I really cannot bring myself to hate this car, though. Part of it may be that I spotted it outside a Sears Auto Center that is the very same building in which I spent many afternoons as a small child in the 1970s, waiting for my father to shop for car care items, back when DieHard batteries and RoadHandler tires were top aftermarket brands and Sears was a go-to place for auto maintenance and repair. It is easy to be nostalgic in such as situation, even for a car that you have never seen before, from over a decade before you were born. It prompted me to take a look back at that long-ago time when this car was new.

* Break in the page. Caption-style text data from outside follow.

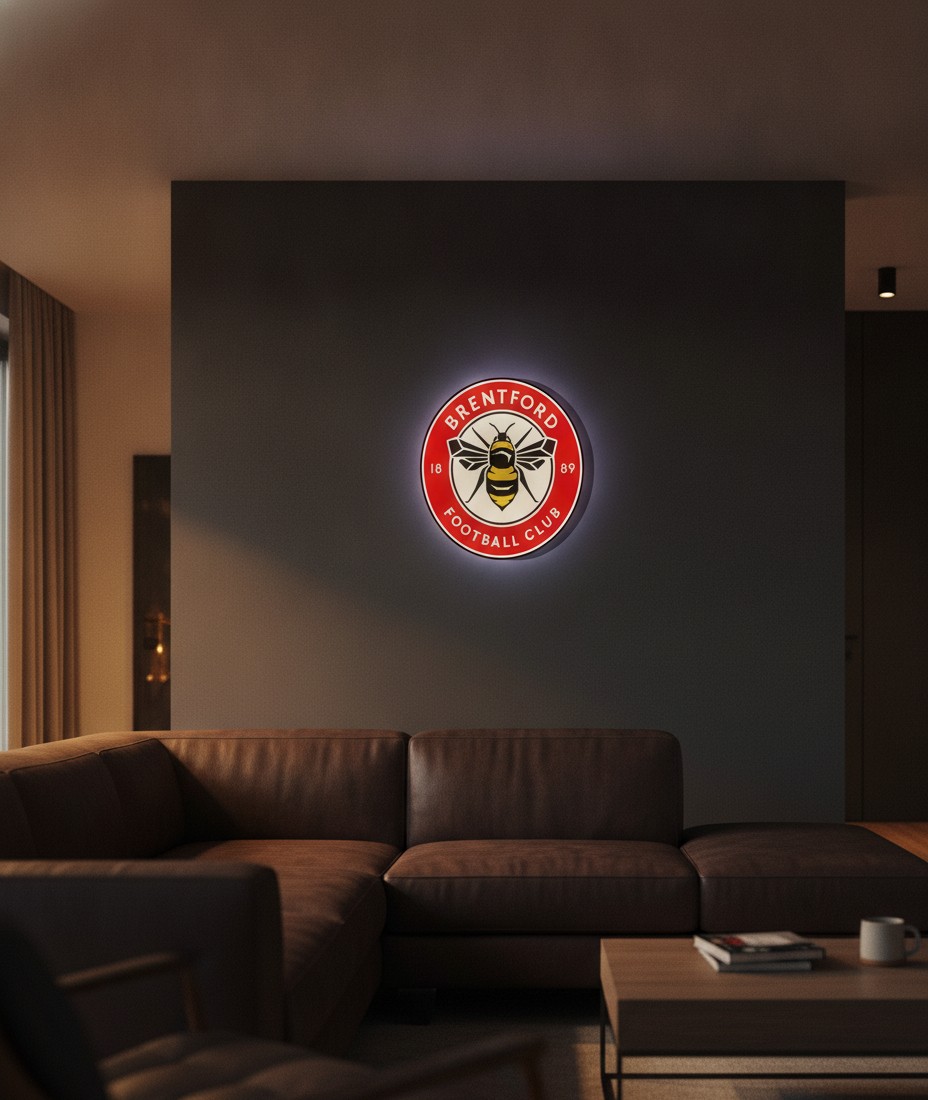 FC Brentford LED-Leuchtschild Wanddeko Fandeko Geschenk - Mockup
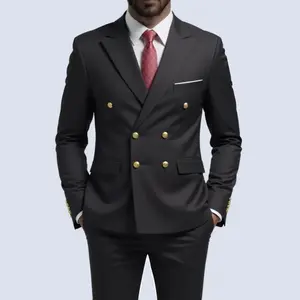 Men Double Breasted Suit Black Slim Fit High Quality Wedding Costume Party Prom Gold Button Male Suits Menswear Formal
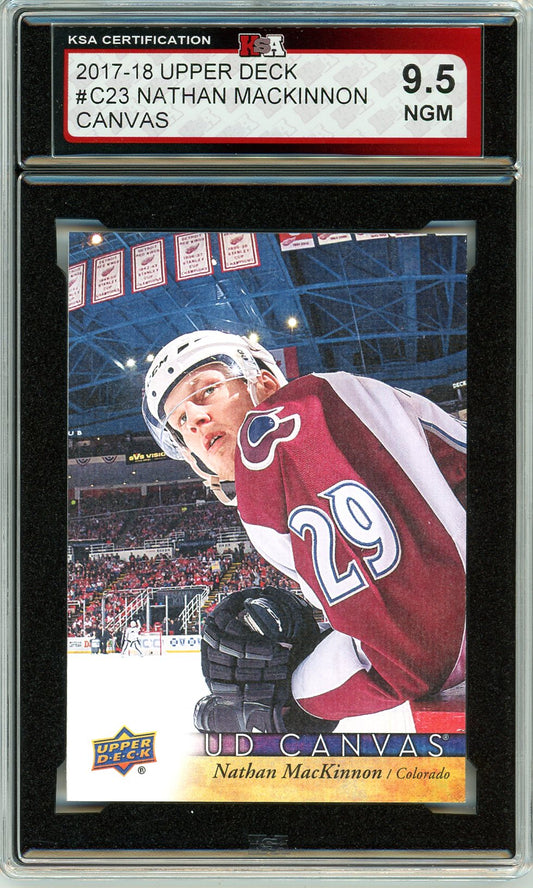 2017/18 Upper Deck Canvas Nathan MacKinnon Graded Card #C23 KSA 9.5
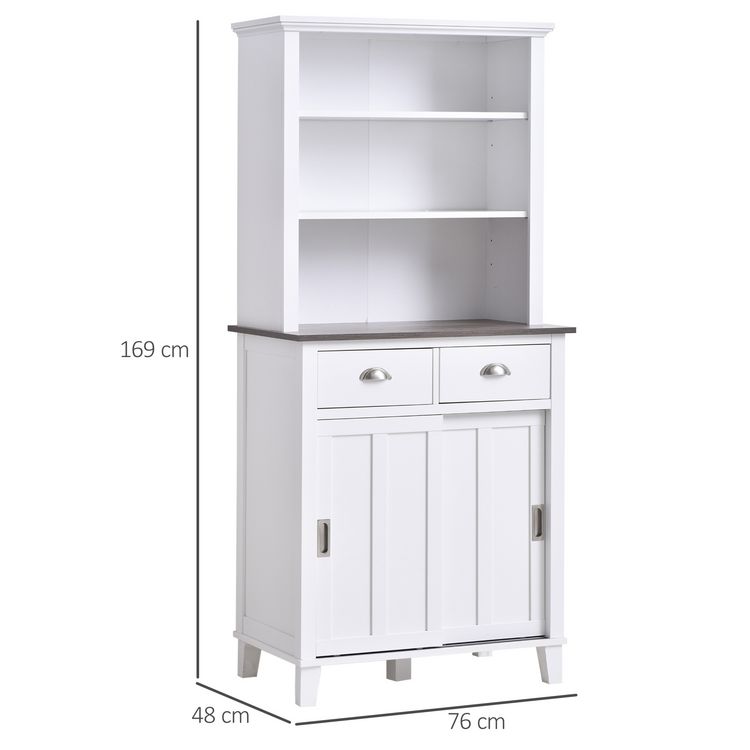 HOMCOM HOMCOM Armoire de cuisine multi-rangements 2 portes coulissantes 2 tiroirs 2 étagères + plateau blanc noir Meilleur prix ⌛ HOMCOM HOMCOM Armoire De Cuisine Multi-rangements 2 Portes Coulissantes 2 Tiroirs 2 étagères + Plateau Blanc Noir ❤️ -VIDAXL Shop unnamed file 529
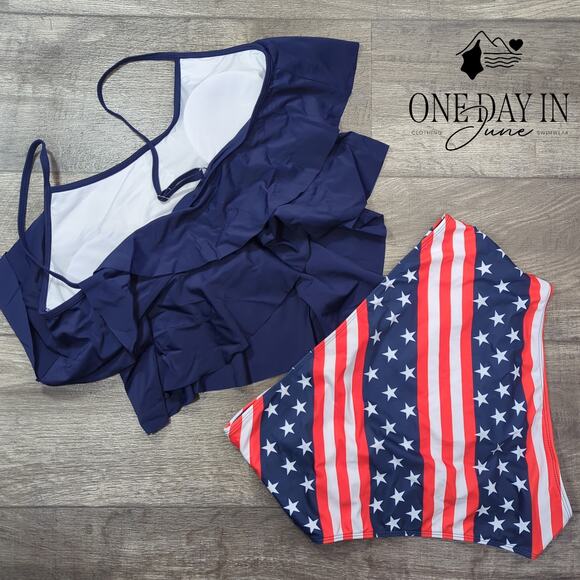 CharmLeaks Flounce High Waist Bikini Swimsuit Size XL - Picture 4 of 4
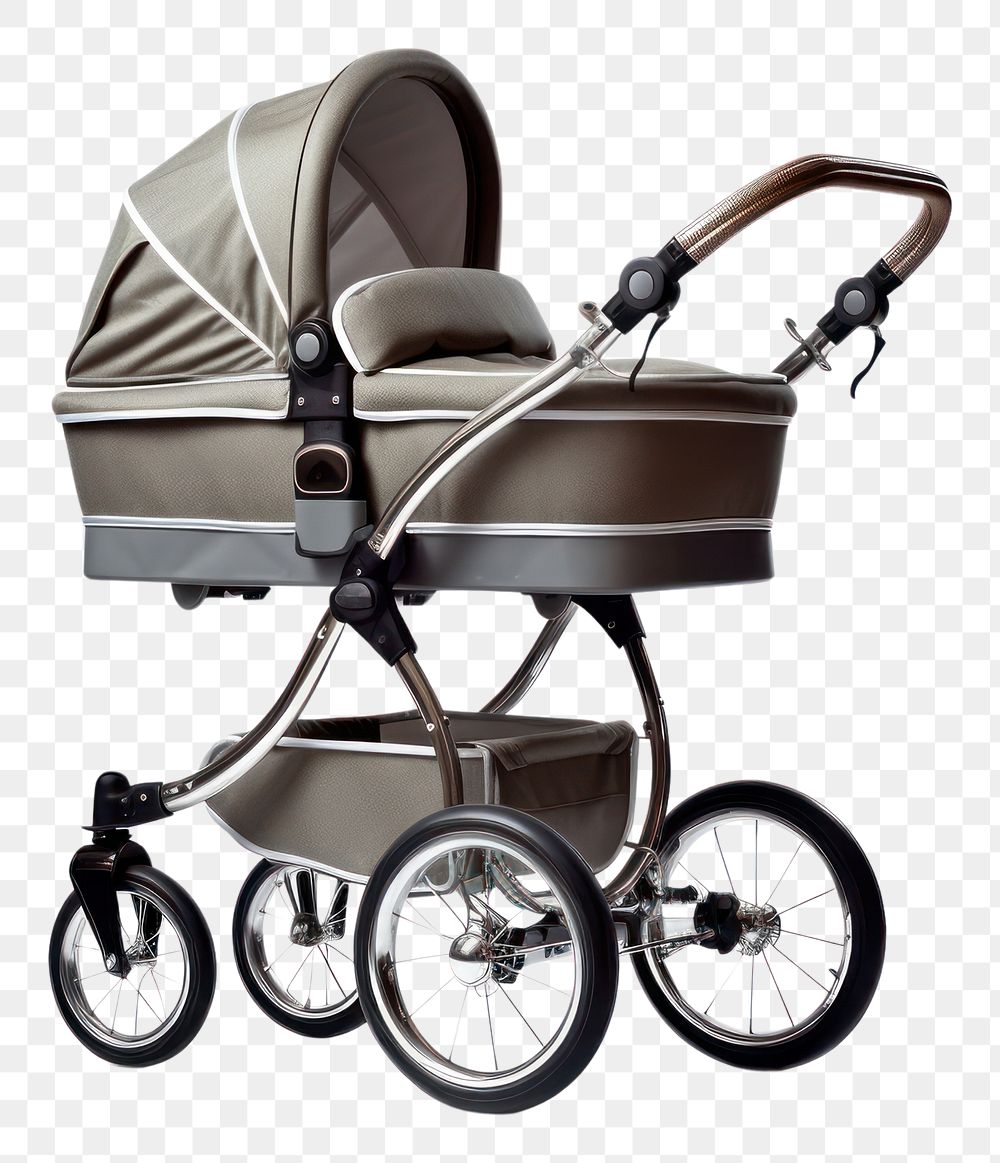 PNG Baby carriage stroller white background baby carriage vehicle. AI generated Image by rawpixel.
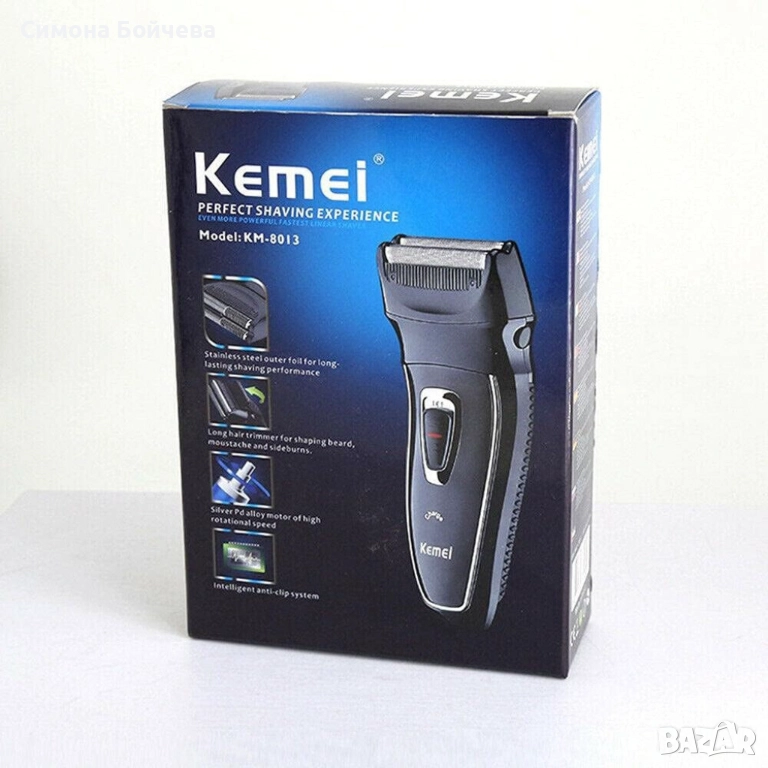 Тример за мъже Kemei KM-8013 с миеща се глава, Черен, снимка 1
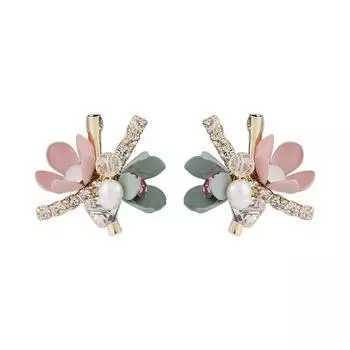 Женские серьги-гвоздики Три маленьких цветка в трех маленьких тройках в серебряных иглах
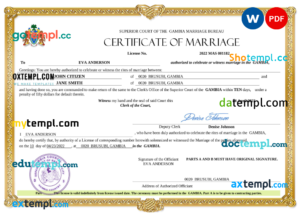 editable template, Gambia marriage certificate Word and PDF template, completely editable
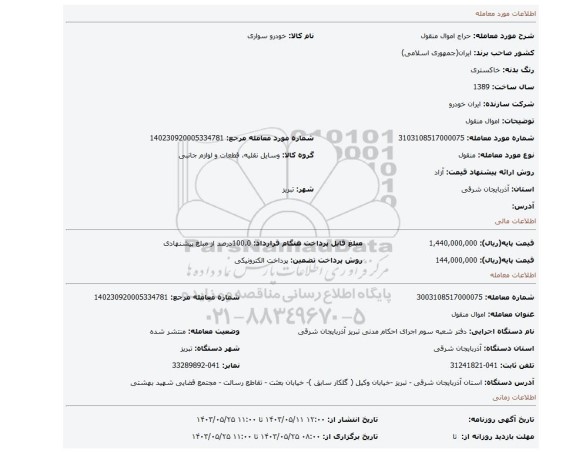 مزایده، اموال منقول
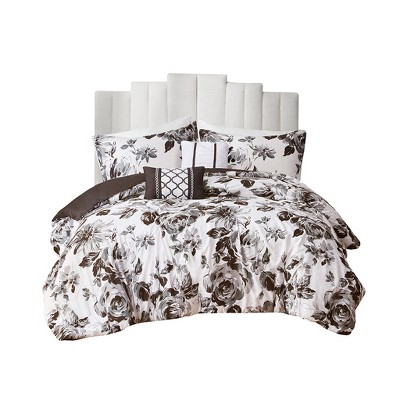 Gracie Mills Marshall Elegant Floral Print Microfiber Duvet Cover Set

With flamboyant finned cars of the late 1950s long since entrenched in popular memory as symbols of kitsch – the prime example being the 1959 Cadillac, associated by many with Elvis, even though he never owned one since in 1959 he was a draftee serving in the Army in Germany, where he owned German cars (a VW, a BMW 507, and then another BMW 507) – it is easy to forget that the target market of a Cadillac, Lincoln or Imperial was affluent and rather conservative. It is noteworthy that Imperial advertising used camera angles to minimize the 1959’s flamboyant details at its front and rear ends and tried to sell the car as “classic” in design. False advertising, most of us would say, but indicative of the beholder who was supposed to find these Imperials beautiful.
As strange as it seems now, these cars were supposed to appeal to the wealthiest Americans, such as this couple being chauffeured past the statue of General William Tecumseh Sherman at 59th Street and 5th Avenue in Manhattan. This location, then and now, is one of America’s most affluent and expensive areas, and today anything less than a Mercedes S-Class, BMW 7 Series, Maserati, or Tesla would look out of place there, aside from a taxi or a car service Lincoln Town Car – a Chrysler Fifth Avenue would be painfully out of place on this part of Fifth Avenue.
This advertisement, which once again features the 1959 Imperial at 59th Street and 5th Avenue, hints well at what Chrysler’s Mad Men thought of the work of Exner and his stylists. The profile view minimizes its Exner exuberances even further, giving very little idea of the elaborate front end or the many details of the rear, and completely hiding the toilet seat on the trunk lid. “… heads will turn” it declares, out of “admiration” supposedly, but perhaps equally or more often out of bemusement. Heads would turn, and then buyers would appreciate the car’s engineering substance beneath the surface flash, as described breathlessly in most of the advertising copy. Chrysler’s advertising department appeared to be saying about the styling of the 1959 Imperial, “We are not amused,” to borrow the words of Victoria, Queen of England and Empress of India.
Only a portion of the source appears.